| > AMD fucked up by not having a stable IR between GPU generations The lack of a stable IR is probably deliberate. Much like the "we won't support DLLs or pluggable APIs, only statically compiling it into your application" with FSR2, once you port to HIP you're locked in. AMD wants you working in HIP, compiling from HIP, not treating them as an IR - they don't want to be an alternate runtime for NVIDIA's ecosystem. And again, much like FSR2, they are in fact willing to compromise end-user experience (no updates) or developer convenience (continual patching) in order to do it. No libraries, only distribute as source, ever. It's not about library pluggability or runtime compatibility (after all GPU Ocelot already existed), what they want is you building the ROCm Ecosystem and not the CUDA Ecosystem or OneAPI Ecosystem. That's understandable from a corporate strategy perspective, as a corporation you don't want to be building a product on someone else's platform, because that gives a lot of freedom for the platform owner to fuck with you. But like, the whole "we won't even do libraries/IR" is a little crass from a customer experience/developer experience perspective, and it kinda goes against the whole good-guy-AMD mythos they've built up. |
The problem is that using machine code makes it machine-specific. So if I compile a HIP program for my gfx803 (RX 580) card, I won't be able to run the same binary on someone else's 6800 XT (gfx103x) system. (I think technically you can put both in a single binary, but that's still a terrible solution).

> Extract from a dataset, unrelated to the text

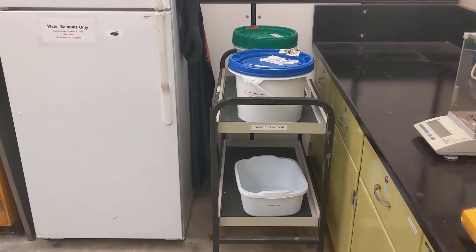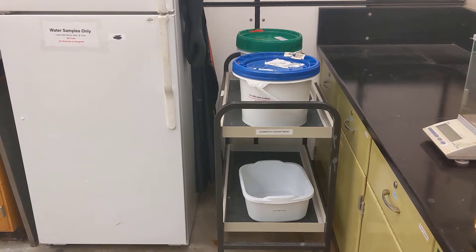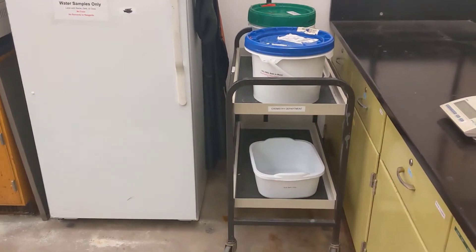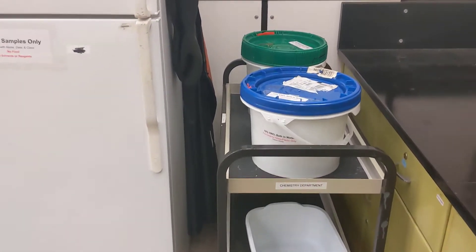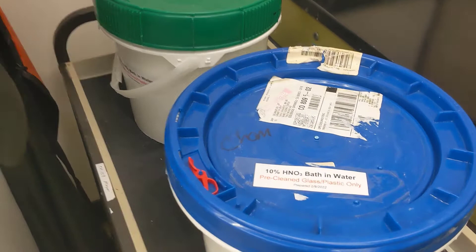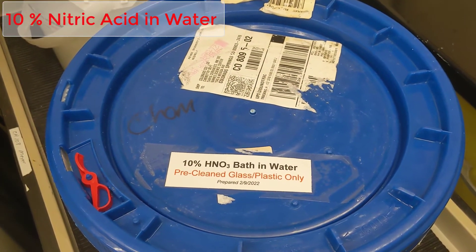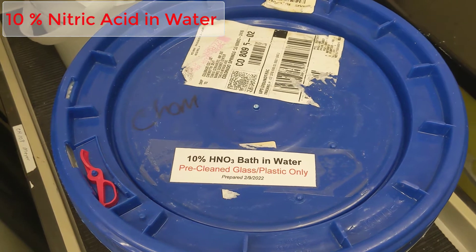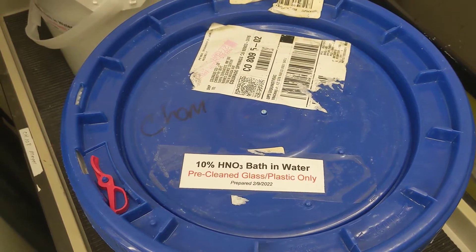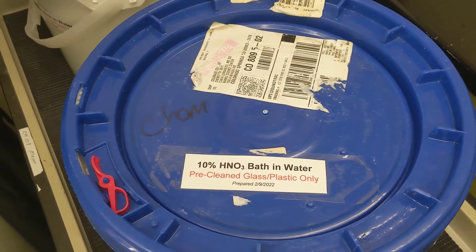This video is a quick tutorial on how to safely use the acid cleaning and rinsing bath in the analytical laboratory. The baths are in these three-gallon chemical-proof buckets here, labeled 10% by volume nitric bath and water. Anything that goes in to be cleaned must be pre-cleaned with soap and water and then triple DI rinsed, so that you're not adding soap to the system.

CUDA instead ships NVPTX, which is an IR that can be compiled by the driver to machine code as long as the GPU has the right compute capability, similar to how it works in the graphics world (you submit your GLSL/HLSL source code or SPIR bytecode) to the driver which compiles it for the right GPU.
Intel's oneAPI/Level Zero API ships SPIR-V, afaik (or maybe regular SPIR?). oneAPI can also work on top of OpenCL instead of L0. SPIR-V is neat because it's an open standard, so in theory you can get L0 working on non-Intel GPUs (and iirc Intel also uses it for e.g. FPGA's). But both SPIR-V and NVPTX solve the "machine-specific" problem AMD has.